(Beginning of MATERIAL FOR THIS TASK)
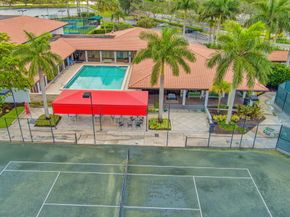 83 Sandbourne Lane, Palm Beach Gardens FL 33418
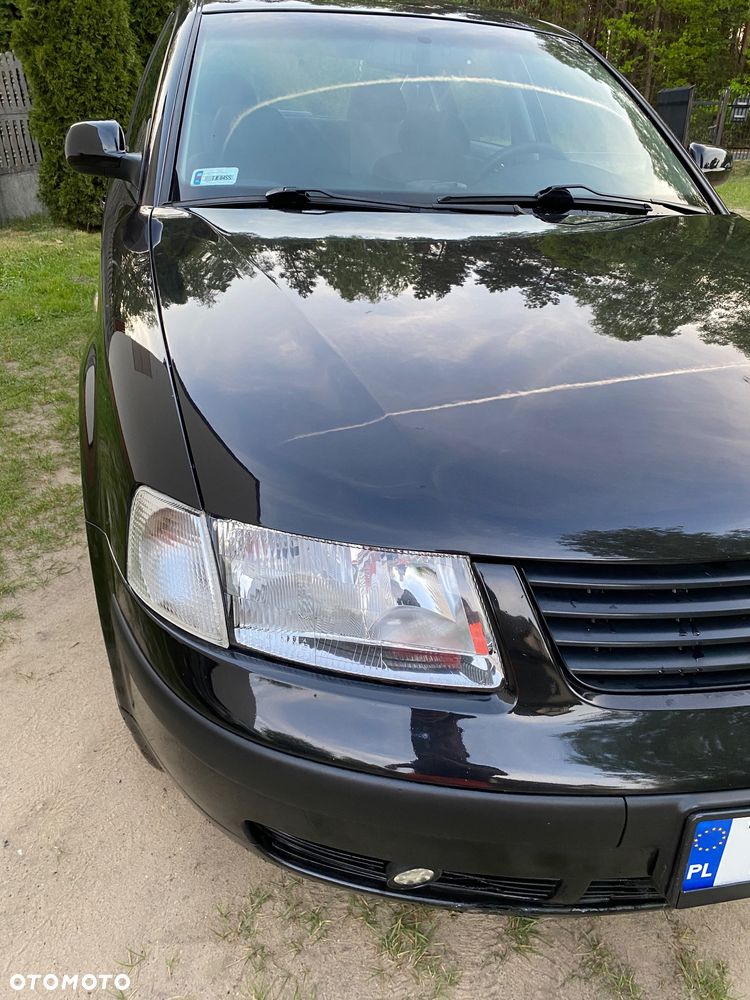 Volkswagen Passat - 8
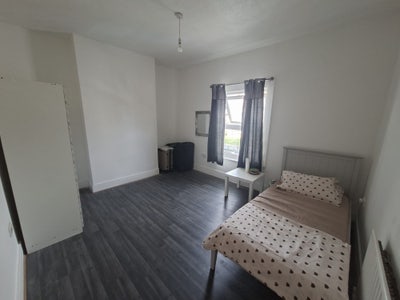 Room to Rent only for Females Main Photo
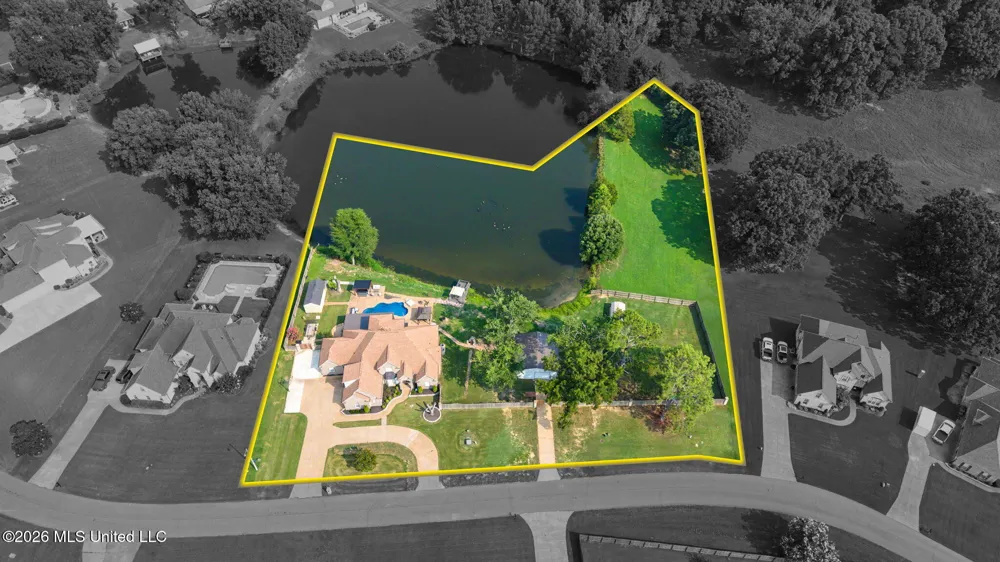 3169 Bridge Moore Drive Nesbit, MS 38651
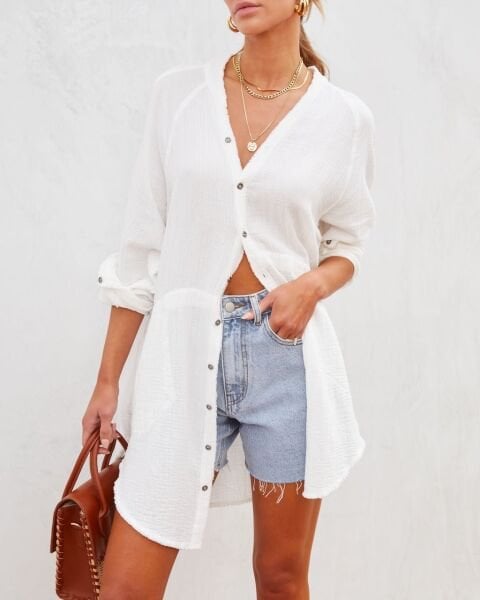 WHITE SHIRT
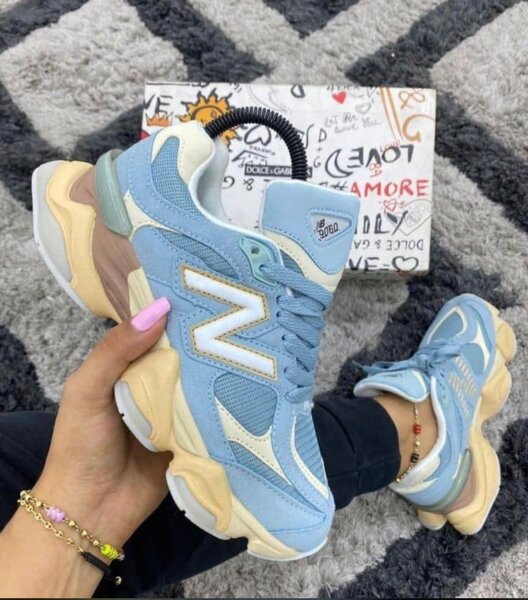 New Balance 9060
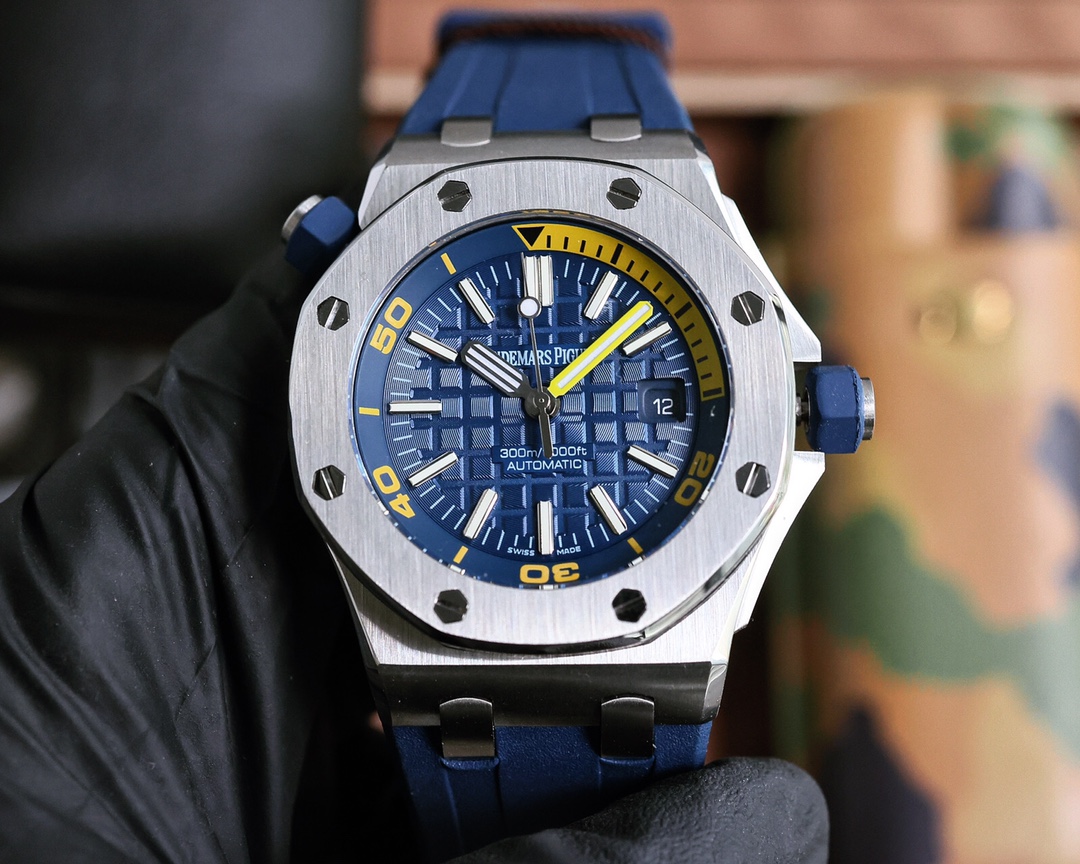 GW produce create classic - Audemars Piguet 15710 Diving King! 3120 in one movement, creating the strongest replica inside and out
1. The case is polished multiple times just to match the data of the edges and the touch of the material;
2. The strongest m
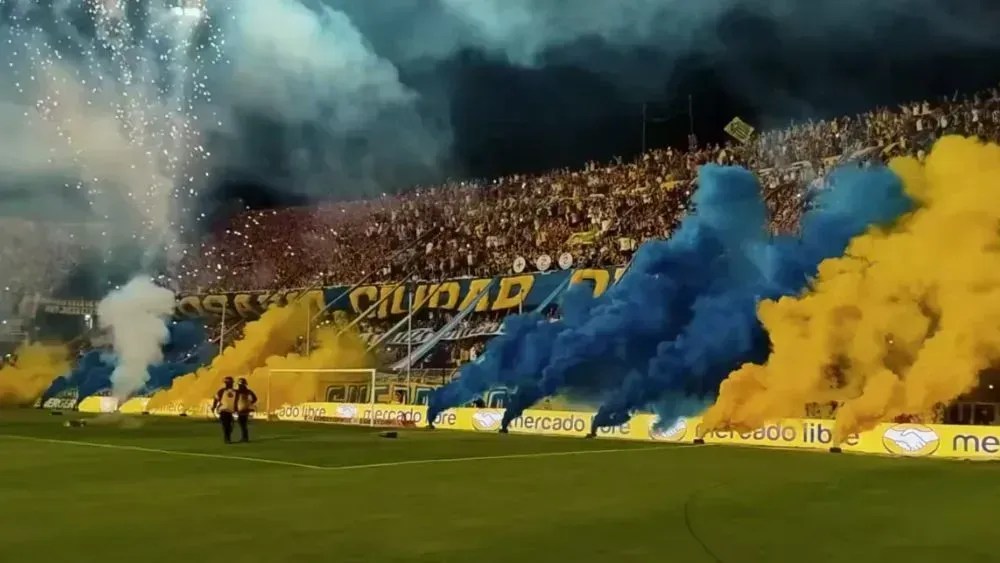 Torcedores do Rosario Central antes do jogo contra o Banfield pelo Campeonato Argentino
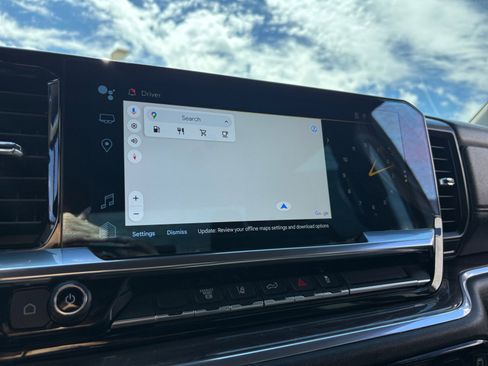 Used 2024 Chevrolet Silverado 2500 LTZ image 27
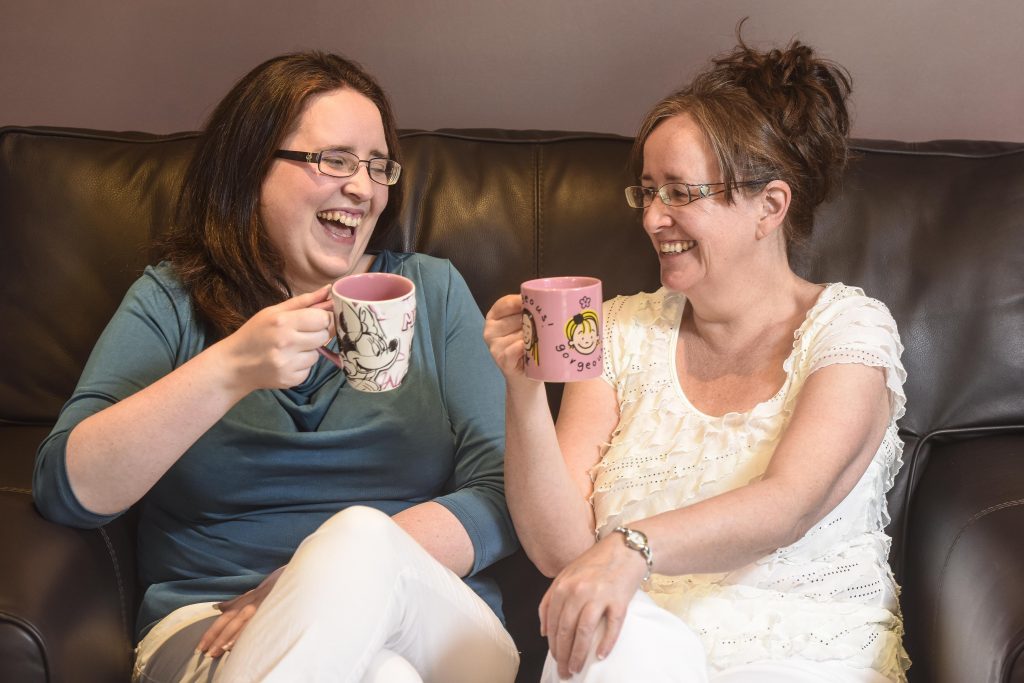 Rachael and mum Elaine  (Dan Rowlands / Mercury Press)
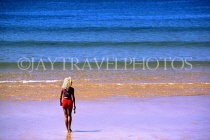 AUSTRALIA, New South Wales, SYDNEY, Bondai beach, woman paddling, AUS1046JPL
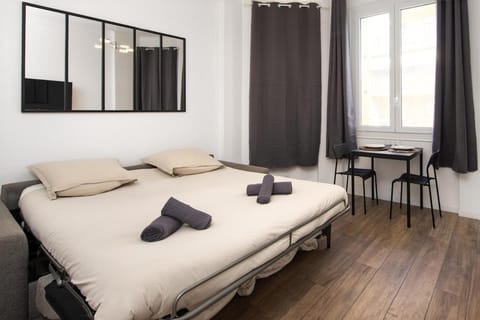 Palais athenea Apartment in Avenue du Carnier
(End of MATERIAL FOR THIS TASK)
> **WHAT IS BEING ASKED**:
Output the line that contains "2. The strongest m" and every subsequent line through the end of the entries, exactly as given, without pictures.

> **SOLVED PROBLEM**:
2. The strongest m
 Torcedores do Rosario Central antes do jogo contra o Banfield pelo Campeonato Argentino
 Used 2024 Chevrolet Silverado 2500 LTZ image 27
 Rachael and mum Elaine  (Dan Rowlands / Mercury Press)
 AUSTRALIA, New South Wales, SYDNEY, Bondai beach, woman paddling, AUS1046JPL
 Palais athenea Apartment in Avenue du Carnier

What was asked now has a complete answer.